時系列の実感|【統計学・統計解析講義応用】
はるかな遠い過去を想う
宇宙の広大な歴史に比べれば人類の歴史ははるかに短い。地球の歴史にくらべても人類の発生はつい先頃のことです。
時の流れは目に見えない。その長さの尺度を「時間」から「距離」に置き換えたらどうでしょうか。
距離であれば地図の上で視覚的にわかりますし、実際に歩いたり乗り物で移動したりして実感もできます。
いま、100年を1cmとしてみましょう。それでは、人生1cm、いや、わずか数mmということになって、もうすこし換算率を高くできないものかと、ご不満の読者もいるでしょう。
太陽系の中の地球が出来てから50〜60億年になるそうです。
すると、上の換算率では、ほぼ東京〜大阪の距離にあたります。つまり、大阪で地球ができて、そこからスタートしたとすると現在は東京にいる計算になります。
原始生物が発生したのが10億年まえというから、これは静岡あたりでしょうか。
大阪から静岡までの長い距離、地球は全くの無生物のままで太陽の回りをまわり続けていたのです。
人類の発生は数百万年前といいますから、それは長さに換算して数百メートル。これでは東京駅のホームをはずれて線路を少し戻ったところに過ぎません。
1つ手前の有楽町では原始人が山野を駆け回っている姿はみられませんでした。
人類の歴史でわかっているのはたかだか数千年程度とすると、なんとこれは、数10cmの長さ、つまり東京駅のホームに降り立ってたった1歩後戻りしただけなのです。
しかし、われわれ人類は、発達した頭脳をもって、ここ1世紀(わずか1cm)の間に、地球の誕生のみならず、宇宙の起源にいたるまでを、はるかな過去に向かっての照射によって、明らかにすることができたのです。
それを可能にしたのは、精密な観測、測定と的確な推理です。
未来についてはどうか
今度は未来についてどこまでどれだけ予測できるかというと、きわめて難しいです。
過去はただ一本の道をさかのぼっていけばいいのですが、未来は無数の選択肢のなかから一本を選ばなければならないからです。
もし恐竜が今の人間なみの知恵を持っていたとして、かれらの絶滅を予想しえたでしょうか。
そのあと人間なるものが現れて、地球環境を破壊しかねないほどの数に繁殖するなど予測できたでしょうか。

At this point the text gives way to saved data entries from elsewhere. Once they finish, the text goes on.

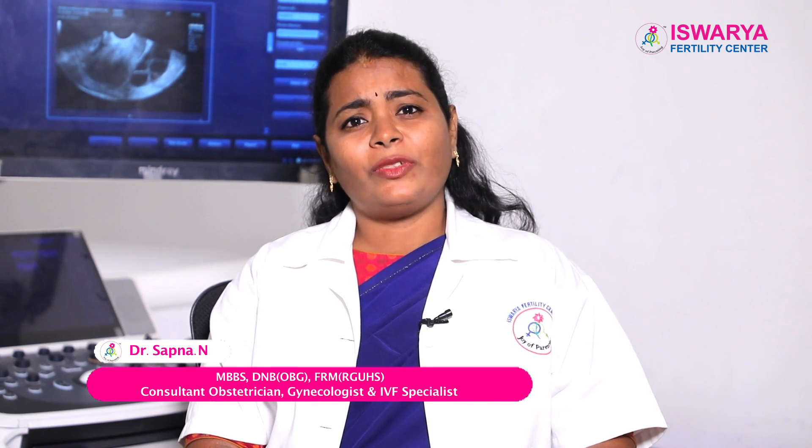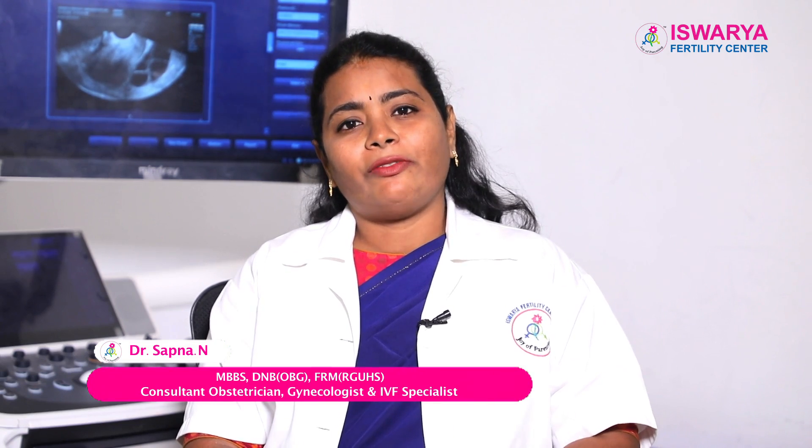Hi, I'm Dr. Sapna, Fertility Consultant at Aishwarya Fertility HSR Bangalore. Today, many patients come with the problems of failed IVF. They want to know what are the causes of failed IVF and what exactly can be done to improve the success rate in an IVF.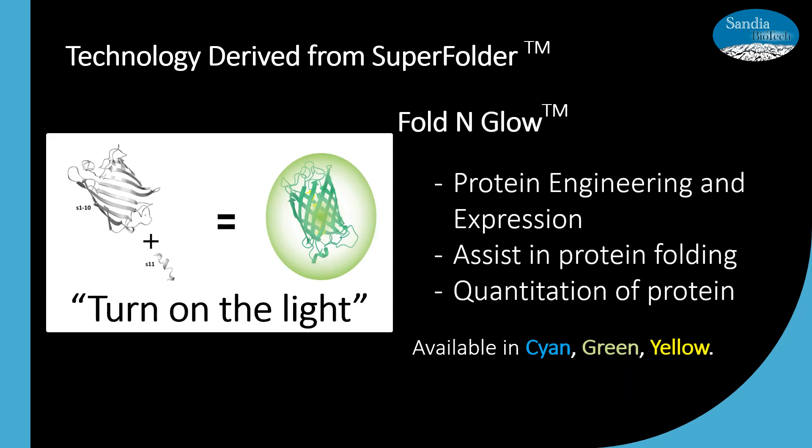Our Fold and Glow system turns on the light, helping researchers track and quantify the recombinant protein. Additionally, because split GFP derives from super folder, a protein that folds five times faster than other fluorescent proteins, this unique property assists in folding of the protein of interest. Even proteins that have low solubility have a higher likelihood of success when they carry the 15 amino acid universal tag and are expressed with this system. We have the split GFP system, also called the split fluorescent protein system, in cyan, green, and yellow to fit into your assays.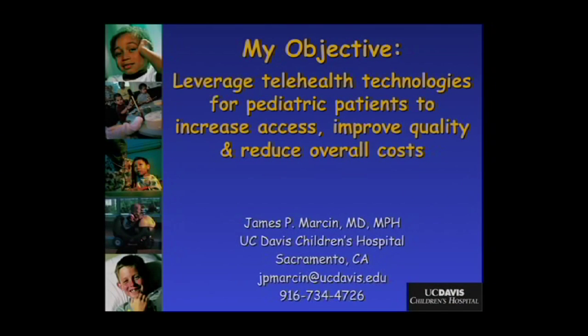Overall, our team's objective is to use these telehealth technologies to increase access for pediatric patients, improve overall quality, and simultaneously reduce overall healthcare costs. I want to quickly acknowledge and thank my mentors and supporters: Ann Madam Rice, Carol Robinson on the health system side, and Dean Claire Pomeroy and Tom Nesbitt on the School of Medicine side. Thank you.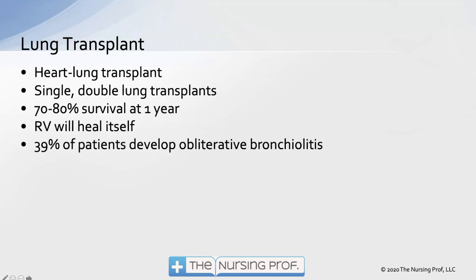Ultimately, as the patient progresses down the road with pulmonary hypertension, they may need a lung transplant. There is about a 70 to 80 percent survival rate at one year. The right ventricle will start to heal itself as the lung improves, so we see improvement in cardiac function. However, 39 percent of patients will unfortunately develop bronchiolitis, though hopefully we can still achieve improvement with lung transplant.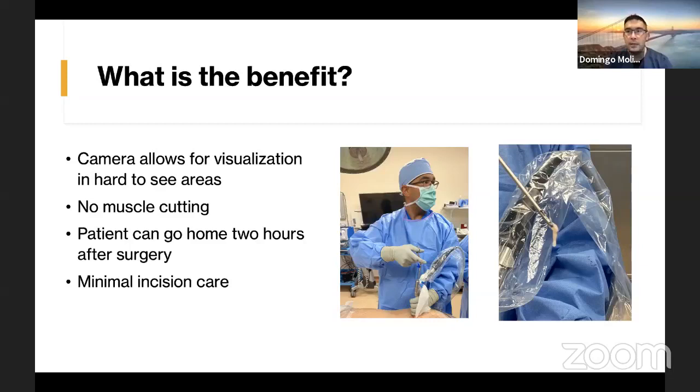There's no muscle cutting. A series of dilators is used. In an open procedure, you sometimes have to strip the muscle away from the bone, and this is where a lot of people get their pain from. With endoscopic surgery, patients go home two hours after surgery. Most patients previously stayed the night for open microdiscectomy.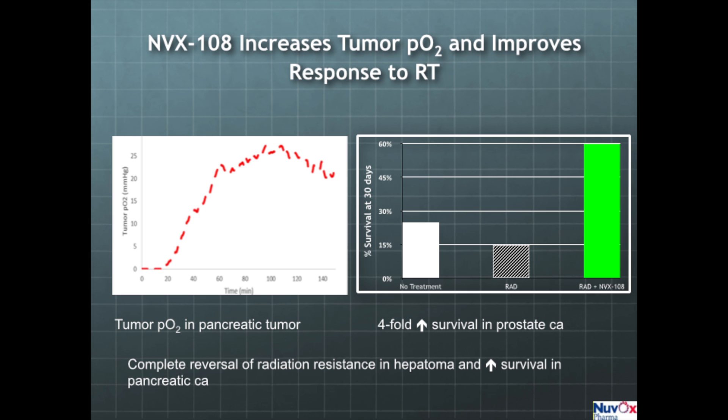We have developed a nanotechnology product, NVX108, that increases tumor oxygen levels and improves the response to radiotherapy. The graph on the left shows the oxygen levels in a pancreatic tumor in an animal. On breathing oxygen, the baseline oxygen is very close to zero. Then after injecting NVX108, we see the oxygen level rise to around 25 millimeters of mercury and remain elevated 120 minutes after injection. This is far greater than has ever been shown by any other technology and is the first time anyone has been able to reverse tumor hypoxia to this degree.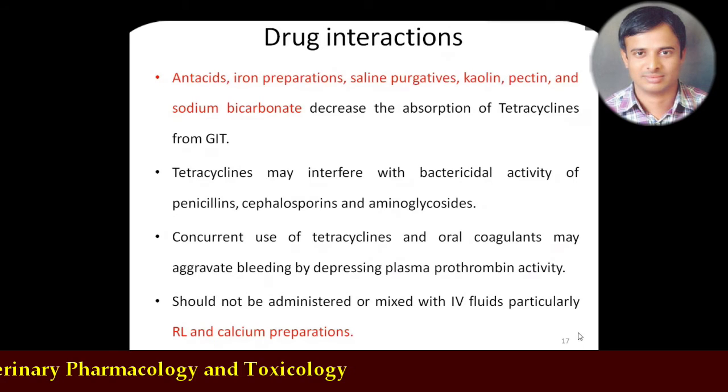Tetracyclines are bacteriostatic drugs while penicillins and cephalosporins are bactericidal drugs. If you combine a bacteriostatic drug with a bactericidal drug, there will be an antagonistic effect — bacteriostatic plus bactericidal results in antagonism, whereas bacteriostatic plus bacteriostatic results in additive effect. Therefore, one should not combine tetracyclines with bactericidal drugs like penicillins and cephalosporins, otherwise antagonistic action will be seen. Also, concurrent use of tetracyclines with oral anticoagulants will further aggravate bleeding.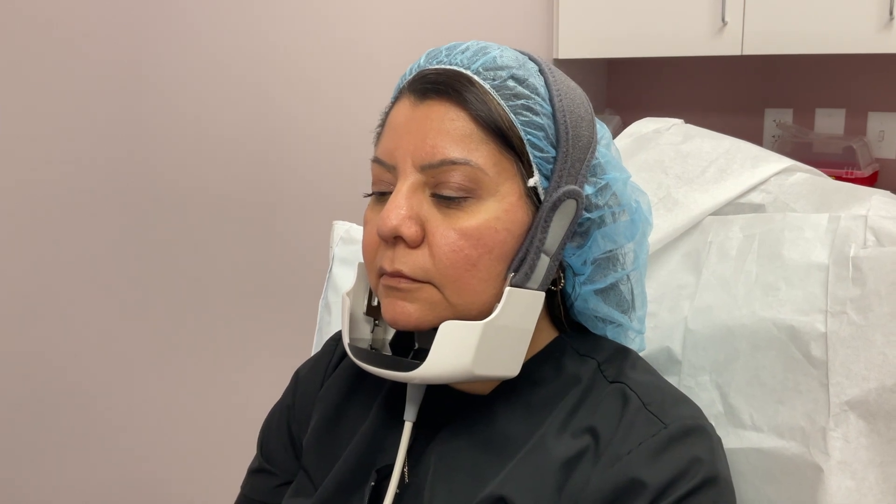Now we'll start the treatment. Evoke is a 30-minute treatment. It uses heat and radio frequency to permanently destroy the fat cells in the areas, and radio frequency helps tighten skin. This treatment will also stimulate production of collagen, elastin, and new skin cells. Evoke allows us to contour and sculpt the face.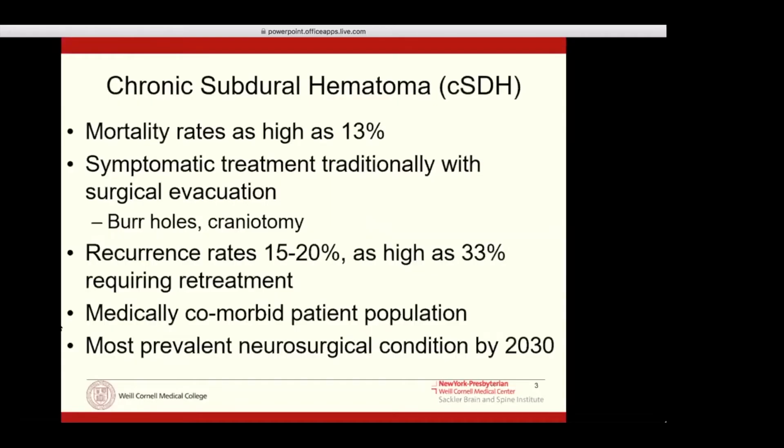Chronic subdural hematoma carries significant mortality rates and even higher morbidity rates, typically affecting an elderly, fragile patient population. Our standard treatment has always been surgical drainage — burr holes or craniotomy — but recurrence rates in this population are quite high, about 15 to 20% on average, and as high as a third of all patients get a symptomatic recurrence requiring retreatment. This is a medically fragile population — typically elderly people with comorbid factors who do very poorly with anesthesia, hospital admissions, and hospital delirium.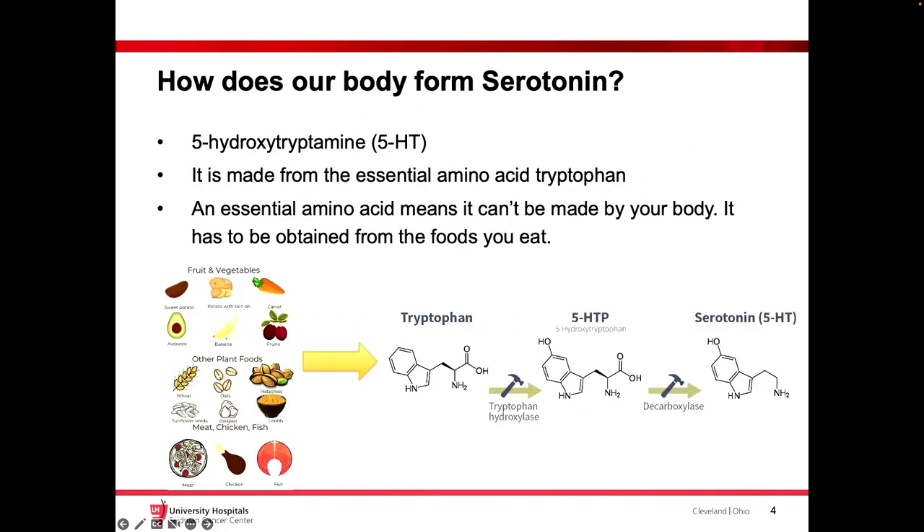So how does our body form serotonin? You need it from an essential amino acid — specifically tryptophan — that you need from a specific type of food, because your body cannot make enough. Through tryptophan hydroxylase, you form a component called 5-hydroxytryptophan, and then through decarboxylation, you form serotonin. That's why we find that some food will make some patients who have carcinoid syndrome experience more carcinoid features sometimes.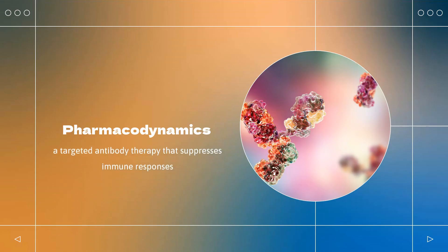Pharmacodynamics: Ustakinumab is a targeted antibody therapy that suppresses immune responses. It acts by reducing the signaling pathways of pro-inflammatory cytokines IL-12 and IL-23, which play a role in various inflammatory conditions. It down-regulates the gene expression of inflammatory cytokines and chemokines such as MCP-1, TNF-alpha, IP-10, and IL-8. The formation of cytochrome P450 enzymes may be altered by elevated levels of certain cytokines during chronic inflammation.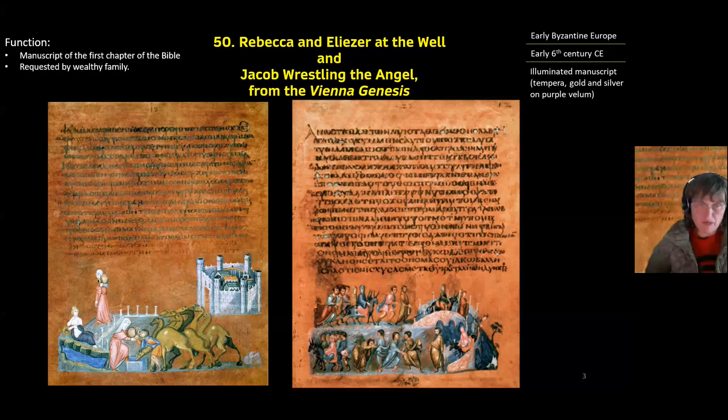The pieces are titled 'Rebecca and Eliezer at the Well' and 'Jacob Wrestling the Angel,' and both of these stories are found in our first illustrated manuscript, which is titled the Vienna Genesis. It was probably made in Syria, and Genesis is the first chapter of the Bible.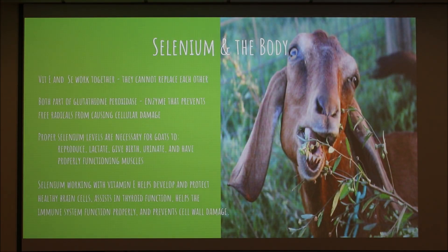Selenium and vitamin E work together in the body and cannot replace one another. Both are part of the enzyme that prevents free radicals from causing cellular damage, which can affect many different areas of the body. We need selenium so that goats can reproduce properly, lactate and give birth properly, and perform basic body functions like muscle movement and urination.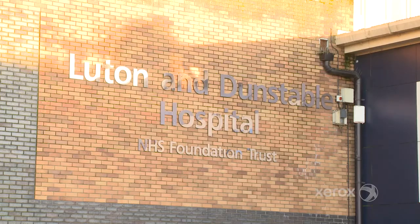Luton & Dunstable University Hospital is a busy acute hospital just to the north of London that serves the population of about, well depending on what service it is, about 300,000 to a million patients.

なお、恐竜が生きた期間は4億年といいますから、人間はまだその100分の1です。
恐竜の絶滅より自分たちのことを心配するほうが先のようです。
映画「ジュラシックパーク」では、ジュラ紀(2-3億年前)の恐竜の遺伝子を化石の中に発見して多数の恐竜を育成し、ある島に恐竜公園を作ります。
しかし過去をよみがえらせることは成功しても、その先が予測不可能で、計画は破綻してしまうというストーリーです。
現実に、与えられたデータをいかに分析しても、それは「後ろ向きの展望車だ」などと悪口をいう人もいます。
現在はそこにない、もちろん先が見えるわけではない、過ぎ去った彼方が見えるだけというのでしょう。
ダーウィンの進化論というと、弱肉強食の自然淘汰と思い浮かべます。
しかし、最近の進化論は、情報を先取りする能力のある生物の種ほどより存続できるし進化もする、という学説に変わってきているらしいです。
弱い動物は危険をいち早く予知して逃げます。強い動物は獲物の逃げ道に先回りします。
単に強いだけでも、すばしっこいだけでも、進化で優位に立てないのです。
たいていのゲームがそうです。野球の外野手は、球の初速度と高さ・横の方向を見てとって、落下地点を予測して全力疾走あるいは悠々と歩み寄ります。
予測の精度が良くないと捕球率もよくありません。